Metrics and estimates
Jul 31, 2018 18:47 · 583 words · 3 minute read
Mean
Most basic estimate for location. As simple as possible it is just and average value from a list of values described with equation:
$$ \frac{\sum\limits_{i=1}^n x_i}{n} $$
Trimmed Mean
It is a small variation of mean. Fist Values are sorted, then some number of values are dropped from collection beginning and end. After that normal average value is computed. It is Very useful when we want to eliminate the influence of extreme values in data set.
Weighted Mean
It is calculated by multiplying every value by its weight and dividing their sum by the sum of weights. See the formula:
$$ \frac{\sum\limits_{i=1}^n w_ix_i}{\sum w_i} $$
It is very useful when you want to distinct that some values are more important than others.
When data set has data that represents some different groups and measuring them equally would not reflect real world example.
Median
Basically it is a middle value on a sorted list of values. If there is an even number of values then median is computed from average of two middle values.
Weighted Median
It is computed that there is a half weights above and below median value. First data needs to be sorted then instead of picking middle value we pick such a value that half of the weights are above this value and other half is below.
Trimmed Mean
This value is computed by dropping some fixed number of values from the beginning and from the end of sorted data set. Trimmed mean eliminates the influence of extreme values.
Outlier
Extreme cases that exist in data set. Outlier for example is every value that is very distant from any other value in data set.
Robust estimate
Estimate that is not influenced by outliers. We can call median a robust estimate cause it does not care about outliers in the data set, computing median omits extreme values.
Examples
To perform examples I will use Airbnb publicly available data set. I picked data set that contains rooms available for rent in Warsaw and cost (in US$) per night.
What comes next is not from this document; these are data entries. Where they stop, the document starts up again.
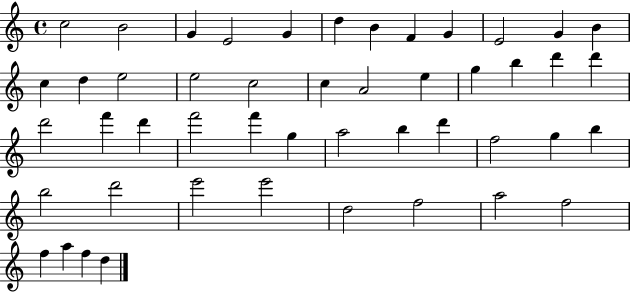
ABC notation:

X:1
T:Untitled
M:4/4
L:1/4
K:C
c2 B2 G E2 G d B F G E2 G B c d e2 e2 c2 c A2 e g b d' d' d'2 f' d' f'2 f' g a2 b d' f2 g b b2 d'2 e'2 e'2 d2 f2 a2 f2 f a f d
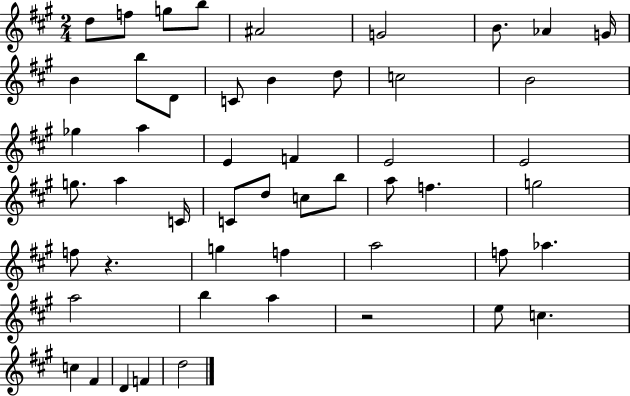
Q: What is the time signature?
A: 2/4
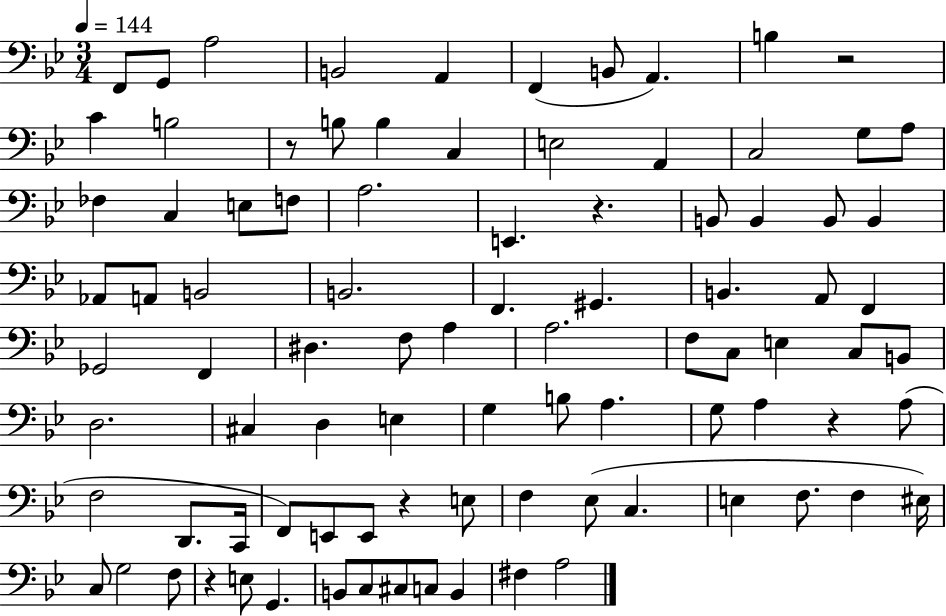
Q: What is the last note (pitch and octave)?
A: A3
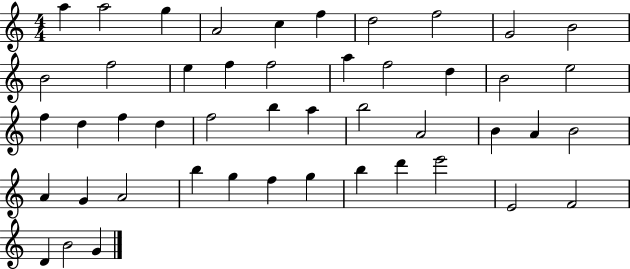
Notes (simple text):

A5/q A5/h G5/q A4/h C5/q F5/q D5/h F5/h G4/h B4/h B4/h F5/h E5/q F5/q F5/h A5/q F5/h D5/q B4/h E5/h F5/q D5/q F5/q D5/q F5/h B5/q A5/q B5/h A4/h B4/q A4/q B4/h A4/q G4/q A4/h B5/q G5/q F5/q G5/q B5/q D6/q E6/h E4/h F4/h D4/q B4/h G4/q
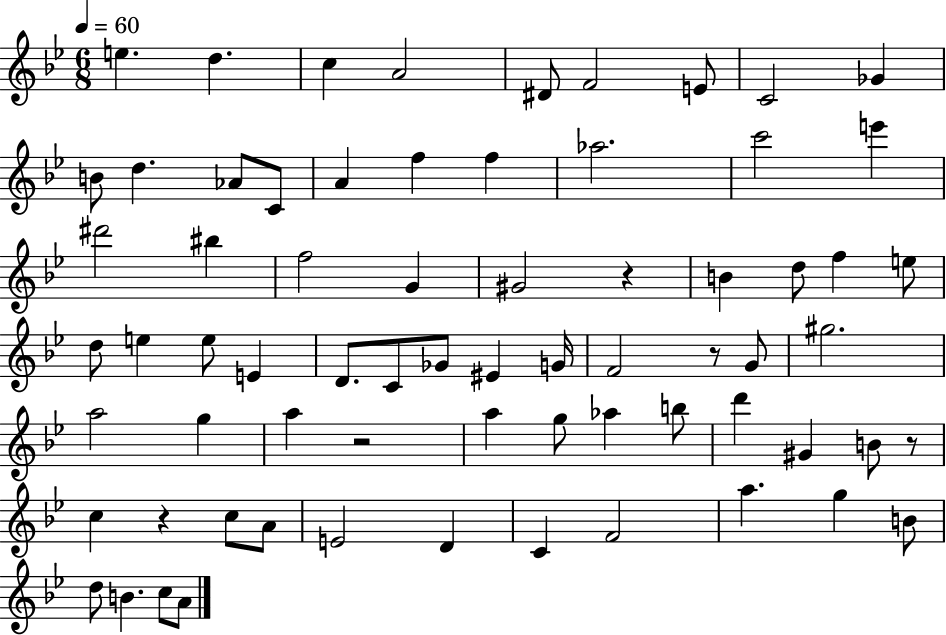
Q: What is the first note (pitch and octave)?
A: E5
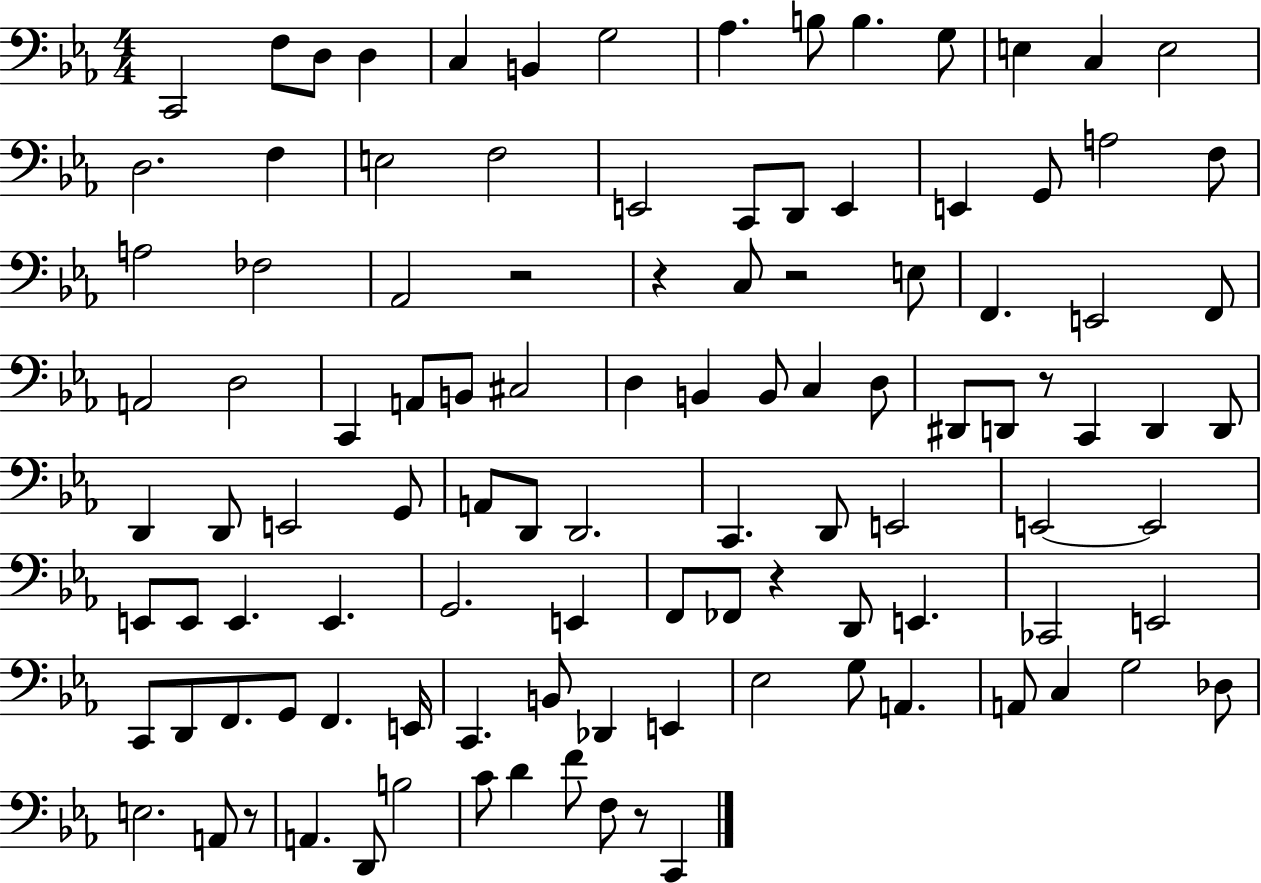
X:1
T:Untitled
M:4/4
L:1/4
K:Eb
C,,2 F,/2 D,/2 D, C, B,, G,2 _A, B,/2 B, G,/2 E, C, E,2 D,2 F, E,2 F,2 E,,2 C,,/2 D,,/2 E,, E,, G,,/2 A,2 F,/2 A,2 _F,2 _A,,2 z2 z C,/2 z2 E,/2 F,, E,,2 F,,/2 A,,2 D,2 C,, A,,/2 B,,/2 ^C,2 D, B,, B,,/2 C, D,/2 ^D,,/2 D,,/2 z/2 C,, D,, D,,/2 D,, D,,/2 E,,2 G,,/2 A,,/2 D,,/2 D,,2 C,, D,,/2 E,,2 E,,2 E,,2 E,,/2 E,,/2 E,, E,, G,,2 E,, F,,/2 _F,,/2 z D,,/2 E,, _C,,2 E,,2 C,,/2 D,,/2 F,,/2 G,,/2 F,, E,,/4 C,, B,,/2 _D,, E,, _E,2 G,/2 A,, A,,/2 C, G,2 _D,/2 E,2 A,,/2 z/2 A,, D,,/2 B,2 C/2 D F/2 F,/2 z/2 C,,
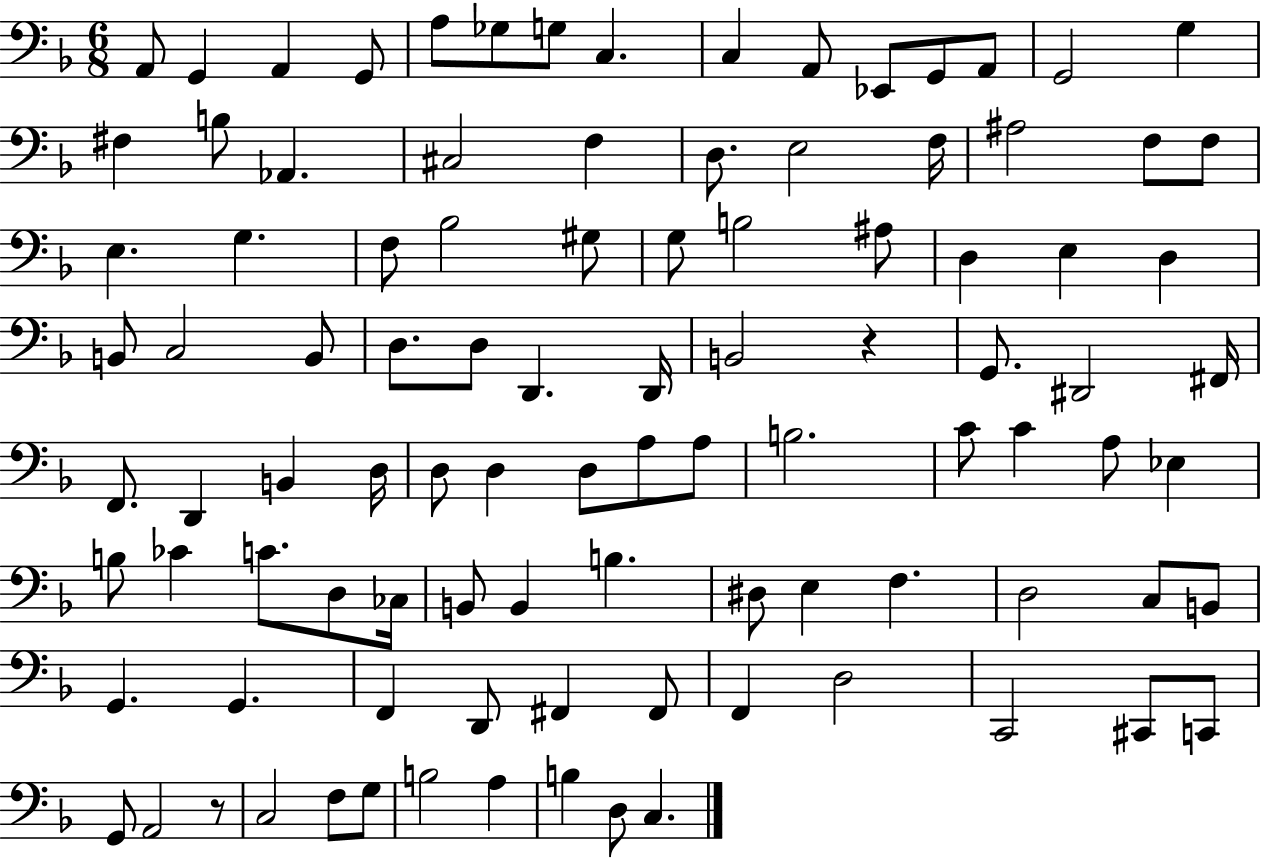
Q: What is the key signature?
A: F major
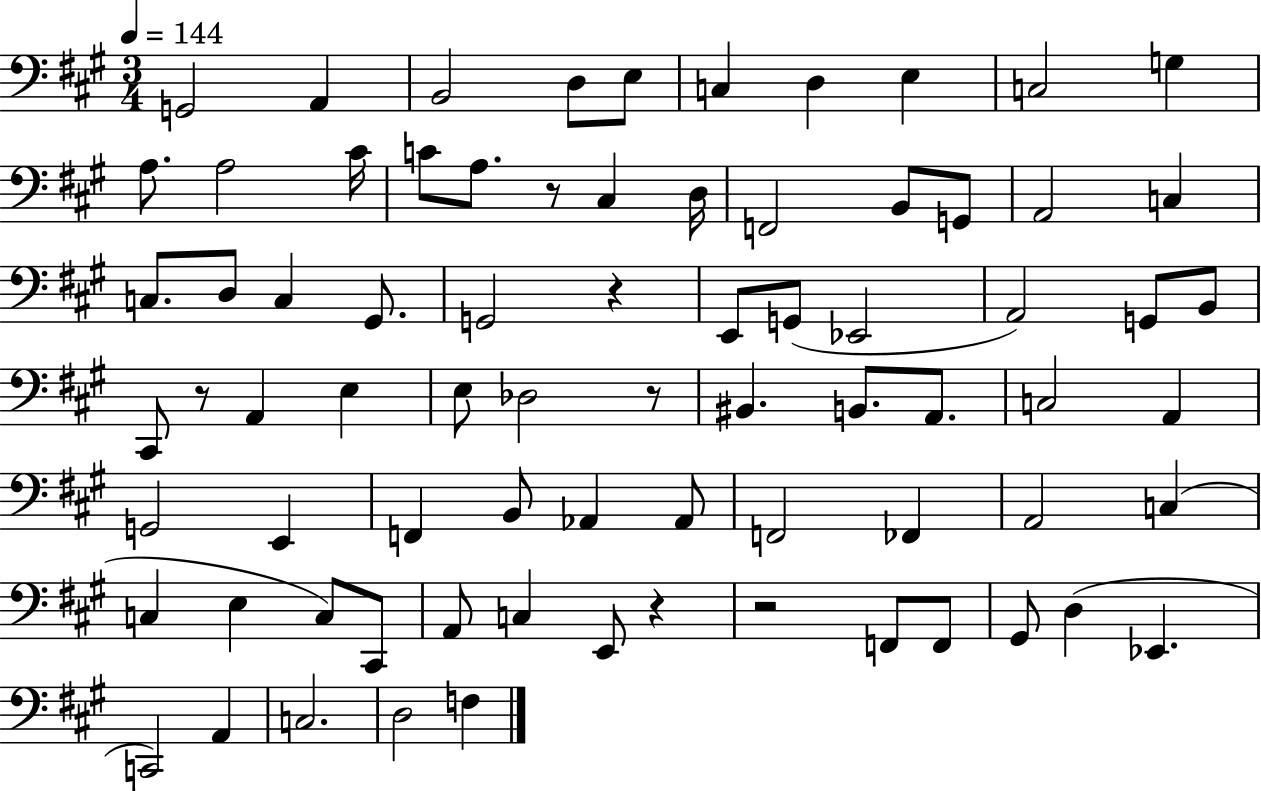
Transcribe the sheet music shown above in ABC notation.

X:1
T:Untitled
M:3/4
L:1/4
K:A
G,,2 A,, B,,2 D,/2 E,/2 C, D, E, C,2 G, A,/2 A,2 ^C/4 C/2 A,/2 z/2 ^C, D,/4 F,,2 B,,/2 G,,/2 A,,2 C, C,/2 D,/2 C, ^G,,/2 G,,2 z E,,/2 G,,/2 _E,,2 A,,2 G,,/2 B,,/2 ^C,,/2 z/2 A,, E, E,/2 _D,2 z/2 ^B,, B,,/2 A,,/2 C,2 A,, G,,2 E,, F,, B,,/2 _A,, _A,,/2 F,,2 _F,, A,,2 C, C, E, C,/2 ^C,,/2 A,,/2 C, E,,/2 z z2 F,,/2 F,,/2 ^G,,/2 D, _E,, C,,2 A,, C,2 D,2 F,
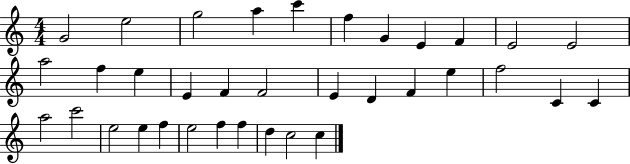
{
  \clef treble
  \numericTimeSignature
  \time 4/4
  \key c \major
  g'2 e''2 | g''2 a''4 c'''4 | f''4 g'4 e'4 f'4 | e'2 e'2 | \break a''2 f''4 e''4 | e'4 f'4 f'2 | e'4 d'4 f'4 e''4 | f''2 c'4 c'4 | \break a''2 c'''2 | e''2 e''4 f''4 | e''2 f''4 f''4 | d''4 c''2 c''4 | \break \bar "|."
}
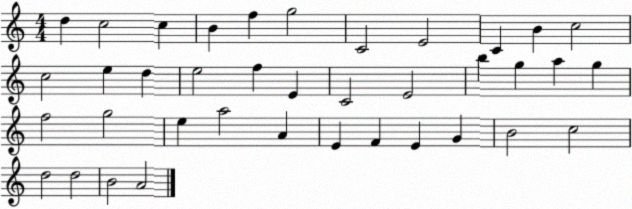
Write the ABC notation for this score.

X:1
T:Untitled
M:4/4
L:1/4
K:C
d c2 c B f g2 C2 E2 C B c2 c2 e d e2 f E C2 E2 b g a g f2 g2 e a2 A E F E G B2 c2 d2 d2 B2 A2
This is how the data set looks like:
room_id | price |
---|---|
1 | 110.0 |
2 | 118.0 |
3 | 72.0 |
For computation I will use python3 and to load data I want to go with pandas
framework cause if is extremely easy to use DataFrame
to load and do any data manipulation with it.
Mean
0 import pandas as pd
1
2 data = pd.read_csv('./data/airbnb_warsaw_2017.csv')
3 n = len(data)
4 mean_price = sum(data.price)/n
5 # 54.68495536686262
Trimmed Mean
0 sorted_price = sorted(data.price)
1 trim_size = int(0.1 * len(data))
2 trimmed_price = sorted_price[trim_size:(len(data) - trim_size)]
3 trimmed_mean = sum(trimmed_price)/len(trimmed_price)
4 trimmed_mean
5 # 45.97714285714286
Median
0 size = len(sorted_price)
1 # 4593
2 median_index = math.ceil(size/2)
3 sorted_price[median_index]
4 # 42.0
Weighted Mean
This dataset has three types of rooms available, lets create weights mapping for them:
0 mapping = {"Entire home/apt": 3, "Private room" :2, "Shared room": 1}
1 data['weight'] = data.room_type.map(lambda x: mapping[x])
This means that most important for us is type called Entire home/apt
.
Now lets calculate weighted mean for price:
0 weighted_mean = sum(data.weight * data.price)/sum(data.weight)
1 # 57.14528152260111
Outlier
0 sorted_price[size-1]
1 # 3000
2 sorted_price[0]
3 # 3
Conclusion
We can clearly see that this values differ but this difference is not a huge one, it always depends on data.
Basic metric for location is mean but as it can be seen in above example it can be sensitive to extreme values.
Other metrics like median
or trimmed mean
are more robust.